For illumination application, heat dissipation and light dispersion
must be properly designed.
[0009] A conventional LED light bulb is known comprising a heat
sink disposed at the bottom side, a circuit board mounted at the
top side of the heat sink, a plurality of light-emitting diodes
installed in the circuit board, and a transparent or translucent
lamp shell covering the circuit board and the light-emitting
diodes. According to this design of LED light bulb, the
light-emitting diodes face upward (forward). Due to limited
light-emitting angle, a LED light bulb of this design is normally
used with a reflector that is mounted around the lamp socket
holding the LED light bulb. However, because the light-emitting
diodes are directional, the reflector cannot reflect much light
rays toward the desired direction. Further, the simple heat sink
design cannot effectively and rapidly dissipate waste heat from the
light-emitting diodes during the operation of the LED light
bulb.
SUMMARY OF THE INVENTION
[0010] The present invention has been accomplished under the
circumstances in view. It is therefore the main object of the
present invention to provide a light bulb, which dissipates waste
heat rapidly during operation and has the characteristics of high
component positioning stability and enhanced illumination.

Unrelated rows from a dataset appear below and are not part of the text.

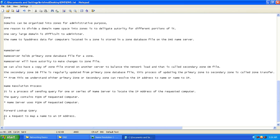A forward lookup query is a request to map a name to an IP address. The name is nothing but a fully qualified domain name (FQDN). That is the name resolution process — a process of sending a query from one or a series of computers to locate the IP address of the requested computer. It might be 10 clients sending at the same time.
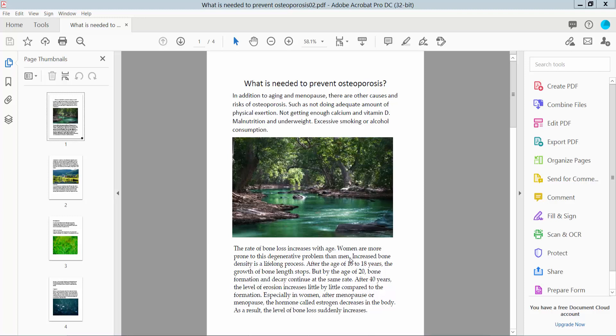Hello everyone, today I will show you how to save a PDF as a JPEG using Adobe Acrobat DC software.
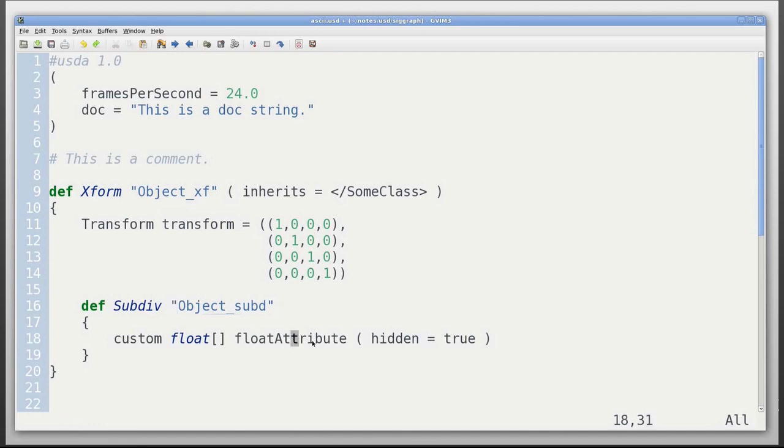It has an attribute called float attribute with metadata hidden equals true, and we haven't specified a value for this. This is intentionally optional so that downstream departments can specify values and upstream departments can specify definitions.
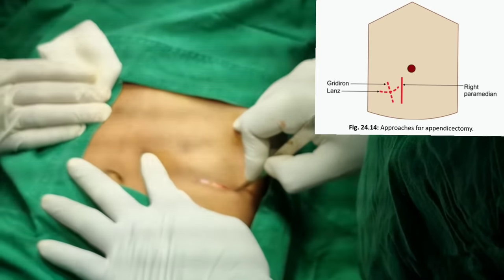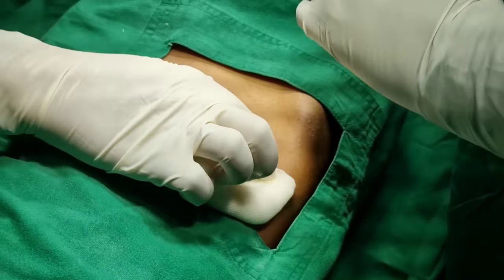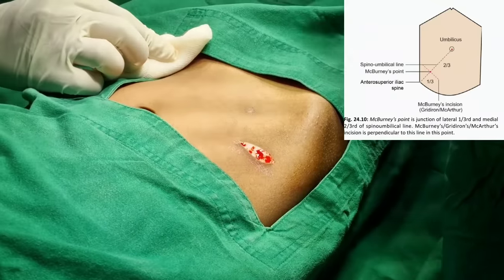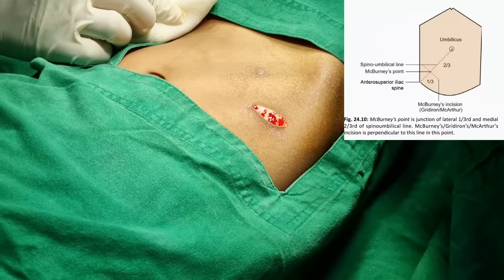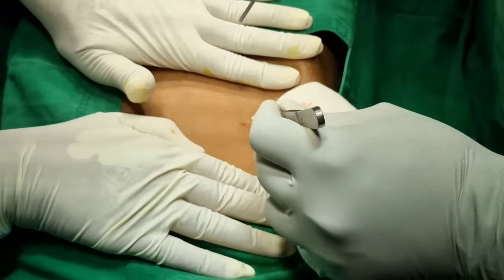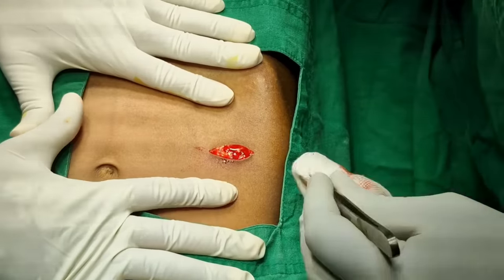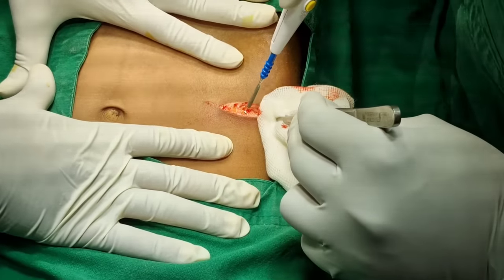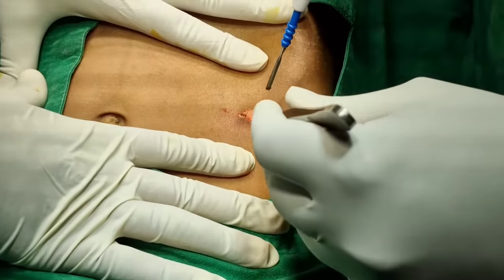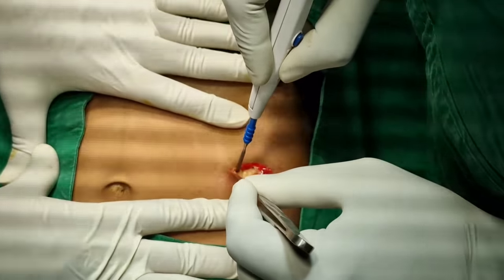In this case, we have taken Lanz incision. It is a transverse incision and modification of gridiron incision. Other incisions are gridiron incision, also called McBurney's incision or oblique incision. Right paramedian incision can be taken for special cases, and also Rutherford Morrison's incision. Lanz crease incision is cosmetically better and exposure is adequate.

[0011] To achieve this and other objects of the present invention,
a light bulb comprises a lamp base unit comprising an electrically
insulative hollow column, a base, a metal cylindrical heat sink, a
light-transmissive shade and a power supply module, a light source
module comprising a metal holder plate, a first circuit board with
upward-facing LEDs, a second circuit board with downward-facing
LEDs, a first adapter board, a second adapter board, a positioning
block and a heat transfer pad, and a light transmitting lamp shell.

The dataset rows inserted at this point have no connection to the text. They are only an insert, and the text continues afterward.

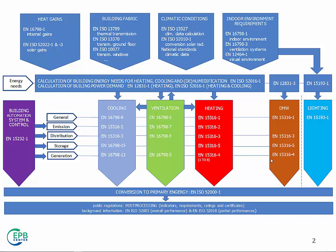We start from here. This is the level of energy needs, that is, the balance of the building envelope to calculate the energy required to provide the desired service. There is one module dealing with cooling, heating, ventilation.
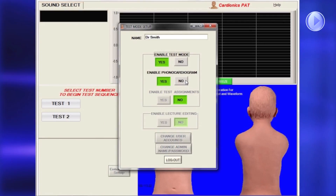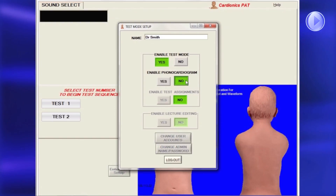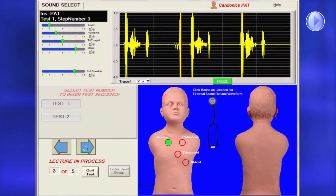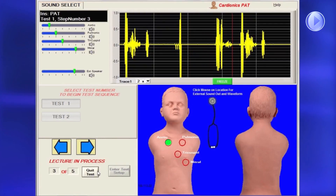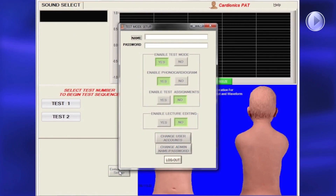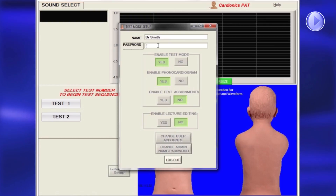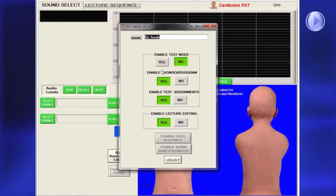Next, choose whether to display a phonocardiogram on the test. To quit the test at any time, click Quit Test. When finished, you will still be in Test Mode, so you must return to the Test Setup page and enter your name to log out.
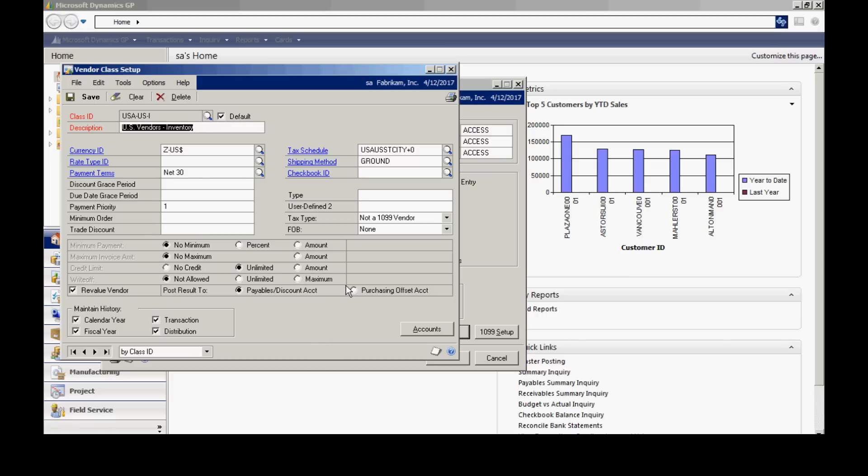Some of the important defaults are to make sure that the Maintain History for these four items in the lower left-hand side are checked. Also, when you enter your first class ID, I recommend that you select the default option up here. This will make sure that when you add additional class IDs, if you wish to do so, it will help you enter those.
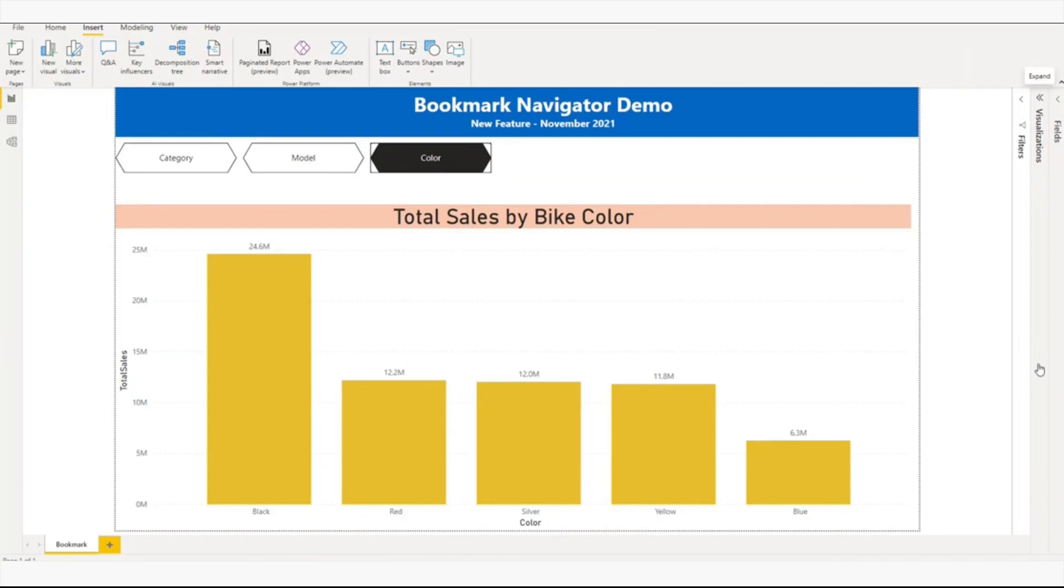Hello, in this video we will see the new bookmark navigator feature which was added in the November 2021 Power BI desktop release.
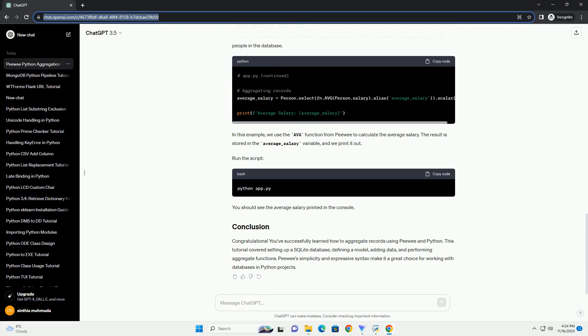The result is stored in the average_salary variable, and we print it out. Run the script. You should see the average salary printed in the console.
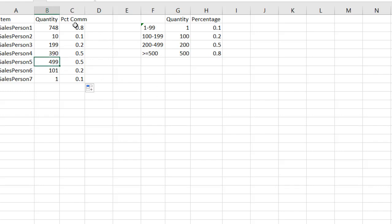So that's how you can use the INDEX and MATCH function to perform an approximate match. I hope that helps. Thanks for watching.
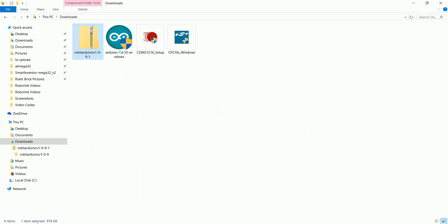Once it's downloaded, go to your downloads folder and it should be this CDM setup file.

The metal holder plate of the light source module is kept in close
contact with the first circuit board and the second circuit board
for quick dissipation of waste heat produced during operation of
the LEDs, and works to hold the light-transmissive shade and the
lamp shell firmly in place.
[0012] Further, in addition to the functioning of the metal holder
plate to dissipate waste heat from the first circuit board and the
second circuit board, the heat transfer pad and the heat sink can
also dissipate waste heat from the second circuit board. Further,
the metal holder plate comprises a plurality of mounting lugs for
securing the light-transmissive shade and the lamp sell firmly in
place. The mounting lugs also work as radiation fins to dissipate
waste heat during operation of the LEDs. Further, the number of the
mounting lugs can be determined subject to the installation
quantity of the LEDs. Thus, if the quantity or power watt of the
LEDs is increased, the total heat dissipation surface area of the
mounting lugs can be relatively increased.

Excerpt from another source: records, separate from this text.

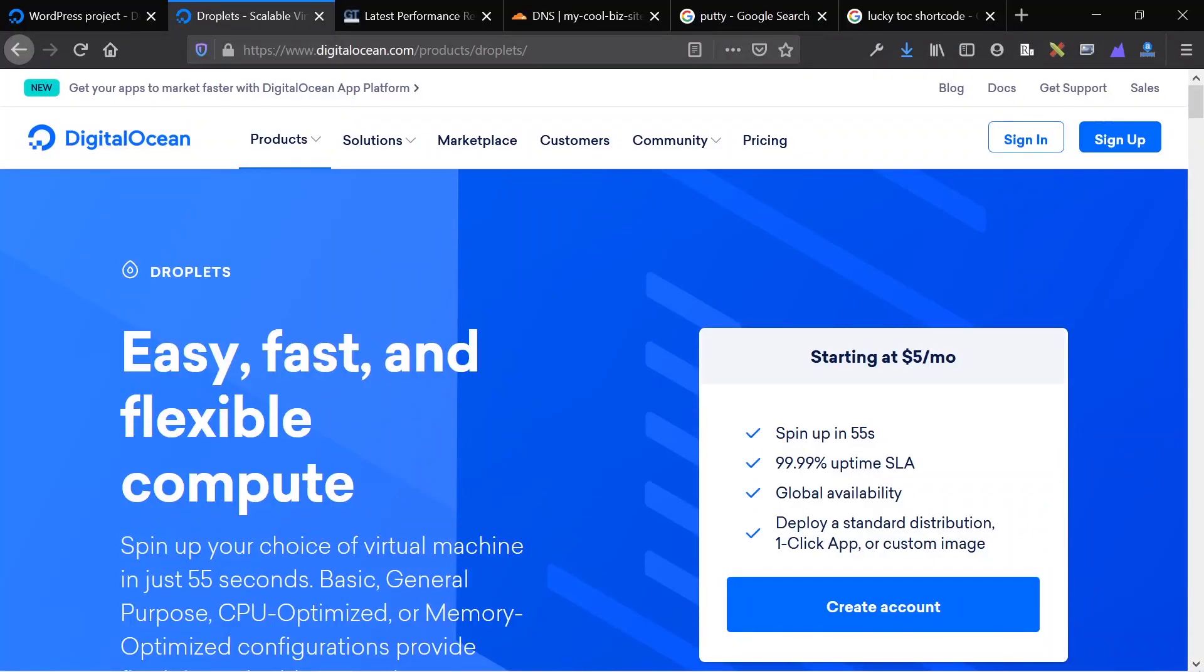Hello everybody, this is James from Isotropic, and in this video I'm going to show you how to install a WordPress website on a DigitalOcean droplet.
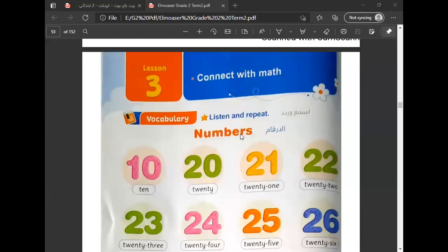As-salamu alaykum, it's Connect for Grade 2, and it's Unit 8, Lesson 3: Connect with Math Numbers.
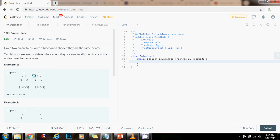If they don't match, then they are not the same tree. If the corresponding node in P is not present in Q, then they're not the same tree.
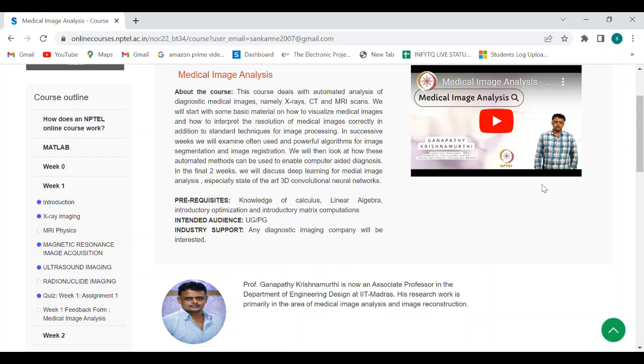Hi, let us discuss the answers for Week 1 for Medical Image Analysis. So let me go to the questions for Assignment 1.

[0013] Further, the first adapter board and the second adapter
board are respectively electrically connected to the first circuit
board and the second circuit board by spot welding, and the first
adapter board and the second adapter board are electrically
connected together by means of the electric connector. By means of
inserting the electric connector into a respective connector hole
at the first circuit board, the metal holder plate and the second
circuit board and then bonding the electric connector to the second
circuit board and then bonding the first adapter board to the
upright contact pins of the electric connector, the electric
connection is done.
[0014] Further, the upper part of the outer perimeter of the heat
sink is tapered for reflecting the light emitted by the
downward-facing LEDs of the second circuit board, enhancing lateral
and rear side illumination that passes through the
light-transmissive shade.
BRIEF DESCRIPTION OF THE DRAWINGS
[0015] FIG. 1 is an elevational view of a light bulb in accordance
with the present invention.
[0016] FIG. 2 is an exploded view of the light bulb in accordance
with the present invention.
[0017] FIG. 3 is similar to FIG. 2 when viewed from another
angle.
[0018] FIG. 4 is a sectional view of the light bulb in accordance
with the present invention.
[0019] FIG. 5 is an enlarged view of a part of FIG. 4.
DETAILED DESCRIPTION OF THE PREFERRED EMBODIMENT
[0020] Referring to FIGS. 1-5, a light bulb in accordance with the
present invention is shown. The light bulb comprises a lamp base
unit 1, a light source module 2, and a lamp shell 3.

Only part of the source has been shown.